In the early 1930s my family was my world and as far as I knew everything my family believed, the whole world believed. There were no intrusive, beguiling, electronic interlopers like television and text messages worming into our home, telling me that my parents were wrong or “old fashioned” and there are better ideas out there, beyond our door. Despite the horrendous depression beating down on my parents, my four-year-old’s world was secure, and family values were clear and uncluttered.

At every election time, even these many years later, one of those values surfaces in my mind. It concerns citizenship and voting and it comes from my father. Michele was born in the 19th century as a subject in a country arguably owned by two people, the king and his wife. The Italian revolution, a hundred years after our own, had united the peninsula, but had been only partially successful in its struggle for democracy. Prior to the revolution kings were supreme; after the revolution the new king was still supreme. The long struggle had produced a constitution, some limited voting rights for some men, and a parliament with people’s representatives appointed by the king, and the king still reigned.

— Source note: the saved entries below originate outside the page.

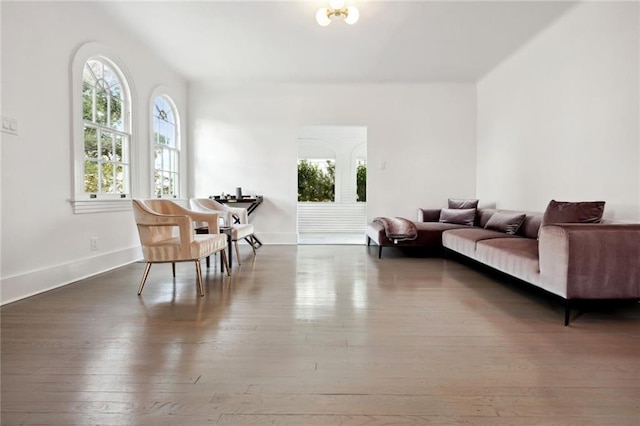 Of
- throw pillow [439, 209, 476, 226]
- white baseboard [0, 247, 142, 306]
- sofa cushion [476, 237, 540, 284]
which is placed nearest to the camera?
sofa cushion [476, 237, 540, 284]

Michele, an immigrant, was immensely proud when he became a US citizen in 1927, and he communicated that pride to us every time he donned his best (and only) suit and walked the eight blocks to the local firehouse to cast his vote. He never missed an election. I do not recall his exact words but here, paraphrased, is his message: “I come across the ocean jammed down in steerage, and that old boat she took me from Michele the Subject to Michele the Citizen. I got something to say, and every time I go vote, this country, she gives me the right to say it!”

I cannot adequately communicate the depth of his appreciation for this country, for his new citizenship, and for the right and responsibility of citizens to vote. I suppose that some sophisticated people today, could they hear him talk about it, would roll their eyes and smirk and think him “corny” and “quaint.” But to him it was a powerfully important part of his new role in his new country. For Michele, the right to vote was the supreme protective barrier between his new democracy and his old monarchy.

What would Michele think were he here today to witness the Republicans’ massive assault across the country on this heart and soul of democracy, his cherished right to vote? In at least 16 states Republicans, acting deliberately and in concert, are maneuvering to impede or deny the right to vote for tens of thousands of citizens whom they fear will vote against them, given the chance. It seems to me there is no more sure way to jeopardize American democracy than this—strike at its heart, control and deny the vote to targeted people. Are today’s Republicans intent on taking us back, as near as they can, to a monarchy? Maybe not with a recognized office of king, but certainly Republicans prefer rule by the elite, the powerful, the moneyed minority. They are attacking the heart, the soul, the essence of democracy and I think that anyone who supports any Republican is complicit in this most dangerous attack on our democracy.

Michele understood that the right to vote is our defensive line, our barrier between democracy and monarchy and all other forms of totalitarian regimes. I know he would tell our modern Republicans, probably in more fiery language, “Stop messing with my vote!”